Gottardi notes that it emerged over the hearing that the mandatory minimums at issue in Hill and Hilbach were from the same legislative package as the ones struck down in Nur, while the other was from a similar 2008 legislation.
“[These are] mandatory minimum laws that were drafted using the same model or formula but were struck down in Nur and Lloyd, but it’s taken a number of years for this one to make its way up to the court, but it’s not like this was a new version of mandatory minimums that the government had recalibrated to after Nur and Lloyd,” Gottardi notes.
“We told Parliament on three different occasions now that they need to create a safety valve if they want to create new mandatory minimums or save them from a challenge, and they haven’t done anything,” Gottardi says. “Should [the courts] create one? Obviously, that could potentially be viewed more as a legislative type of action than a judicial interpretation.”

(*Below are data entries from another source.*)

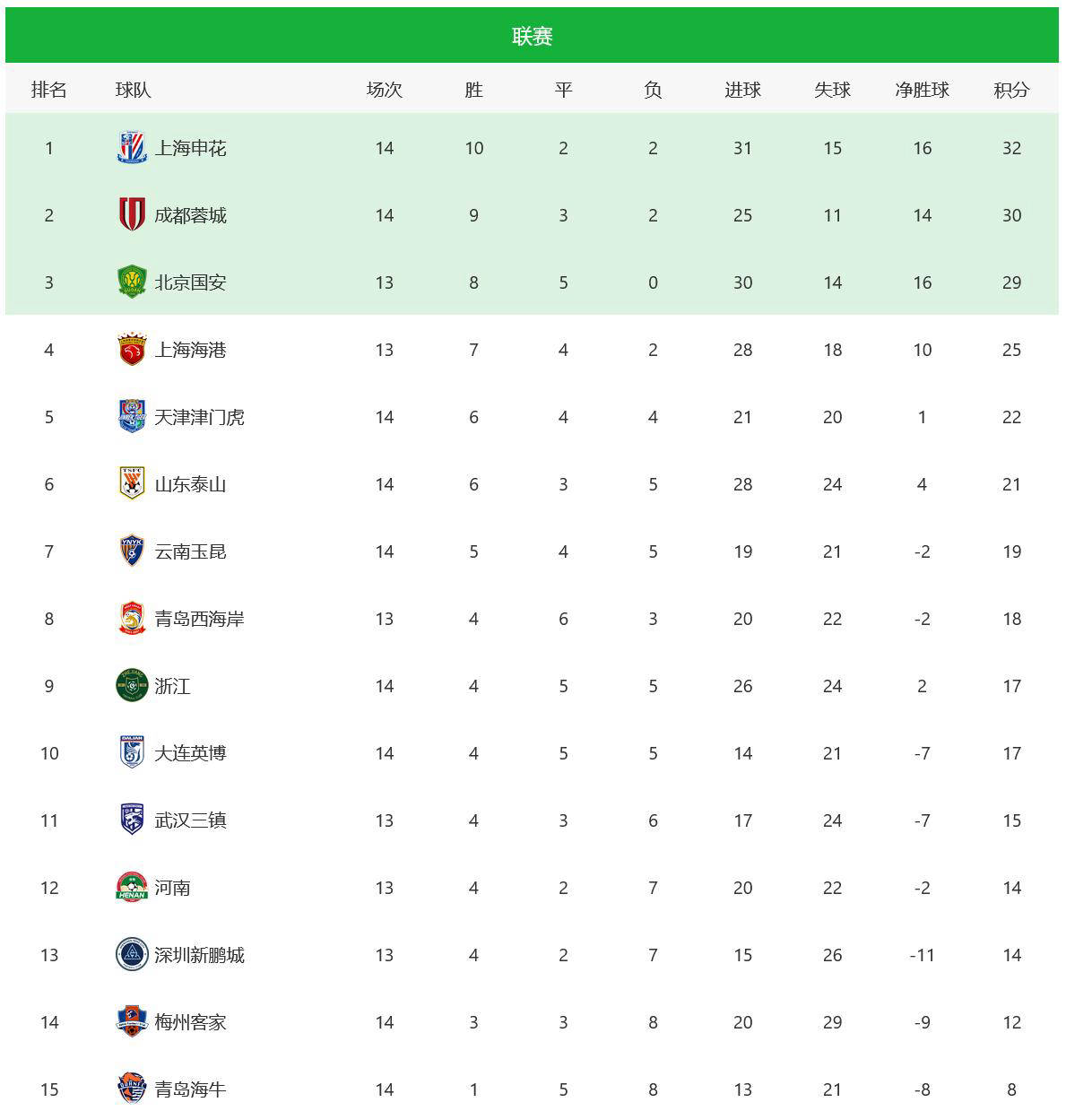 澳门六开奖结果2018年回顾与影响分析,澳门六开奖结果回顾与影响分析,聚焦2018年数据深度解读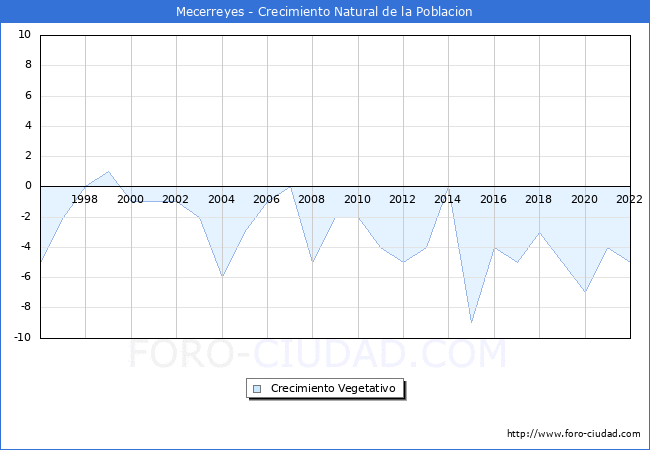 Crecimiento Vegetativo del municipio de Mecerreyes desde 1996 hasta el 2022 
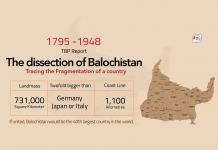 The Dissection of Balochistan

Gottardi adds there is a sense of frustration in the courts that mandatory minimums cases are coming before them piecemeal. Ideally, the government would take it upon itself to address them as a whole, which would be easier on everyone, either by abolishing them as the current government has promised to or bringing them in line with other common law jurisdictions.
“It’s mind-boggling,” Gottardi says of the delay in repealing the mandatory minimums. “It can’t possibly be for fear of opening themselves up to criticism from the Conservatives for being soft on crime. Mandatory minimums across the board—there is scientific consensus that they are ineffective and they don’t make anyone any safer.”
Gottardi says that the changes are long overdue, and while Bill C-5, currently before committee in the House of Commons, would bring conditional sentences back for cases like Sharma, he notes there’s been no improvement in the mass incarceration of Indigenous people in the 20 years since Gladue.
“A little bit of criticism from the other party or in the press is a small price to pay to make any headway in that crisis, and it’s shameful that we’re not taking stronger action to fix that, when some of the fixes are easy,” says Gottardi.
According to Kerr, part of what makes Bill C-5 significant is that it would be the first time a government has repealed a mandatory minimum.
“That bill puts an end to the Harper-era experiment with mandatories for drug crimes—it takes every mandatory minimum out of the [Controlled Drugs and Substances Act],” she says. “That is a significant repudiation of that policy.”
Bill C-5 would be more expansive with respect to conditional sentences than a victory in Sharma. “That would take care of the problem in Sharma, and it would take care of a few other provisions as well,” says Kerr. “It would be meaningful restoration of judicial discretion to impose conditional sentences, really in almost every case where the sentence the judge would have imposed is less than two years. That means we can send a lot of people into strict house arrest rather than chaotic, destructive provincial jails.”
Meehan notes that Justice Michael Moldaver has announced he will retire in September, and that this may be one of his final batches of criminal law cases.
“He has been on the court over a decade,” Meehan says, calling him “the court’s criminal law eminence grise.”
“It’s an opportunity to put the finishing touches on a 32-year judicial career.”